Ticket #1163 (closed defect: worksforme)

Opened 4 years ago

Last modified 14 months ago

rtorrent freezes under FreeBSD 6.2-R

Reported by: nitro2k01@gmail.com Owned by: rakshasa
Priority: normal Component: libtorrent
Version: Severity: major
Keywords: Cc: nitro2k01@gmail.com

Description

This is a bug that first occured in rTorrent 0.6.3/0.10.3 out of nowhere (At the time I had been using that version without problems for months) I recently upgraded to rTorrent 0.7.9/0.11.9 without any improvement. The bug is the following: The GUI of rtorrent completely freezes for several minutes, then becomes responsive for about 30 seconds before it freezes again. I haven't investigated it further, but I think any transfers will be stopped during the time the application is frozen as well. During the time the application is frozen, the process state is KQREAD and the CPU usage is 0%. During the time it works normally, it's in the SELECT state and the CPU usage is normal. (5-20%) Switching between select and kqueue based polling does not make a difference. The operating system is FreeBSD 6.2-Release running on the Sparc64 platform. The versions of rtorrent/libtorrent I'm using are the ones in the Ports collection. The problem could somehow be related to the trackers waffles.fm and/or what.cd, but I haven't been able to conclude that that is the case.

Attachments

rtorrent_strace_sort_uniq-time-gaps-only.txt Download (10.1 KB) - added by BT <do.it@i.ua> 2 years ago.
strace log of rtorrent freezing, timestamp gaps only (+/- 7 strace.log lines each time gap)

Change History

  Changed 4 years ago by rakshasa

I would suspect that you have problems with DNS lookups blocking on tracker requests. Try either compiling libcurl with async dns lookup support, or figure out what tracker urls cause the problems.

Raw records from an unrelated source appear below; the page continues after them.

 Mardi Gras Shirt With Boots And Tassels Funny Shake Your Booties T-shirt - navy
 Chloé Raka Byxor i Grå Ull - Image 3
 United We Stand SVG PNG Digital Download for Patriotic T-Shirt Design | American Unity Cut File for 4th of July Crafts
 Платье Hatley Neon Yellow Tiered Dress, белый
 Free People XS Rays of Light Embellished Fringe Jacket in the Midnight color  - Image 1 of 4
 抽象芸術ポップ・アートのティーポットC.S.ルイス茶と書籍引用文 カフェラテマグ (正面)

  Changed 4 years ago by nitro2k01@gmail.com

When testing things, I tried disabling udp trackers, which didn't change anything. I also removed torrents from no longer existing trackers, which seemed to solve the problem. For now I draw the conclusion that DNS problems was what caused it. (I'll go through the rest of my torrents for non-existing domain names though.) Is there no (simple) way to solve this bug without recompiling libcurl? Maybe put DNS lookups in a separate thread? (I'm thinking about ensuring the highest possible quality of the program) Still consider this a formal bug report, but please change the severity to minor.

  Changed 4 years ago by carpetsmoker@xs4all.nl

I have the same problem on FreeBSD 7, if rtorrent is unable to lookup DNS records (For any reason) then it freezes until the lookup will timeout.

Recompiling curl with async DNS (c-ares) doesn't help...

  Changed 4 years ago by anonymous

I have the same problems as described in the description.

I'm on Mac, OS X Leopard 10.5.2.

Latest devel libtorrent and rtorrent.

  Changed 4 years ago by anonymous

I second this.

I have the same problem on the following system: [22:07:35][flagel@rose /crypt/5/Audio_Scene] uname -a FreeBSD rose.qwqb.com 6.2-STABLE FreeBSD 6.2-STABLE #0: Thu Feb 15 15:07:26 CET 2007  flagel@rose.qwqb.com:/usr/obj/usr/src/sys/GENERIC i386

A fix would be very much appreciated.

  Changed 4 years ago by anonymous

I have the same problem on 'FreeBSD <host> 7.0-RELEASE FreeBSD 7.0-RELEASE #0: Mon Feb 25 09:35:41 UTC 2008  root@obrian.cse.buffalo.edu:/usr/obj/usr/src/sys/GENERIC sparc64'.

rTorrent: 0.7.7 libTorrent: 0.11.7

Perhaps using more threads would resolve this?

  Changed 2 years ago by do.it@i.ua

I believe I could have the same problem, but I'm unsure due to a specific setup.

I'm using rtorrent/cygwin (using 'select') with exactly the same sessions/downloads directories, as rtorrent/debian on the same dual-boot machine (rtorrent/debian runs perfectly, using 'epoll'). I've configured mount points to look exactly the same under the two OSes - /mnt/d/exchange/.torrents/ for sessions, and /mnt/d/exchange/ for downloaded items. For Cygwin, I used instructions from  http://rtwi.jmk.hu/wiki/rTorrentOnWindows and a patch from  http://rtwi.jmk.hu/downloads/misc/rtow.diff. Libtorrent is compiled with --disable-mincore, and I haven't enabled the XMLRPC-C.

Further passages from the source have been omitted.